#### Input material ####

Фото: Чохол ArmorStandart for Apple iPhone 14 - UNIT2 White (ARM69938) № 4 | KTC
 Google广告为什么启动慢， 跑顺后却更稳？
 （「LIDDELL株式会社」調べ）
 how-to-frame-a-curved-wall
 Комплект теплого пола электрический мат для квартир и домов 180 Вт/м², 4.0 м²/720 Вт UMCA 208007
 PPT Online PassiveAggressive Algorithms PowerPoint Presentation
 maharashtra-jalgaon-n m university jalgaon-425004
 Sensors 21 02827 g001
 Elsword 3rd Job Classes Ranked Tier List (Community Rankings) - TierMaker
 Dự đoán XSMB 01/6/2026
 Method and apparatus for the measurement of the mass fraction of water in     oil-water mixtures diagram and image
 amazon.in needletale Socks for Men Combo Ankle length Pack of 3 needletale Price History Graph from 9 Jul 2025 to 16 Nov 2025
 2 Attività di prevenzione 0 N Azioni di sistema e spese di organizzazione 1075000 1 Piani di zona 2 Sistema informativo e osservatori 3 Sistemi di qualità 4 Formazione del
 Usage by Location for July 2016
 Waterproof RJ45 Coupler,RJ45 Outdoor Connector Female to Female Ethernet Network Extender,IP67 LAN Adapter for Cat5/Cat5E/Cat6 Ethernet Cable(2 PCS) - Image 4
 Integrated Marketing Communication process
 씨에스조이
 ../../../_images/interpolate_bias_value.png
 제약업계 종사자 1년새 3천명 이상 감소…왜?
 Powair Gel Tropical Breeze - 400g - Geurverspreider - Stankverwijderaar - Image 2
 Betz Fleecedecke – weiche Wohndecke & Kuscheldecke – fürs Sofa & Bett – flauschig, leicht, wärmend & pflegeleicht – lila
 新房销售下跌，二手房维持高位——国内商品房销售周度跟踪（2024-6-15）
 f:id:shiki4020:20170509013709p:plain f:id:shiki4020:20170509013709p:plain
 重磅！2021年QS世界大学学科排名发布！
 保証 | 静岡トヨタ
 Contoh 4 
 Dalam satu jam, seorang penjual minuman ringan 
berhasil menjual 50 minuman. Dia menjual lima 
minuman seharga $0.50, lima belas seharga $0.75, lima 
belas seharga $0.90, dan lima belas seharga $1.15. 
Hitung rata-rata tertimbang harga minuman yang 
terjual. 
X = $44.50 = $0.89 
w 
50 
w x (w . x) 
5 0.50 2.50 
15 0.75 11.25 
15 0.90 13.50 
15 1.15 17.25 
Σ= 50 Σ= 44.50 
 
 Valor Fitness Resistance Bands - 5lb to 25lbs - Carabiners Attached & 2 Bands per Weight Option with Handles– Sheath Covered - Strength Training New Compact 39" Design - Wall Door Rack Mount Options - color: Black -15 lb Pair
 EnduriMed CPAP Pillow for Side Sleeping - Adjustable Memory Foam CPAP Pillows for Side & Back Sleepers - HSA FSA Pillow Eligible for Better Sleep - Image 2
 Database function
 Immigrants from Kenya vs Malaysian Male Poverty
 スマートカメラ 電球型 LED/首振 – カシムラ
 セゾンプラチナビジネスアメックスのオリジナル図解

####

# Problem requirements:
Work through the records above. Copy every line with the string "belas".

# Answer to this problem:
minuman seharga $0.50, lima belas seharga $0.75, lima 
belas seharga $0.90, dan lima belas seharga $1.15. 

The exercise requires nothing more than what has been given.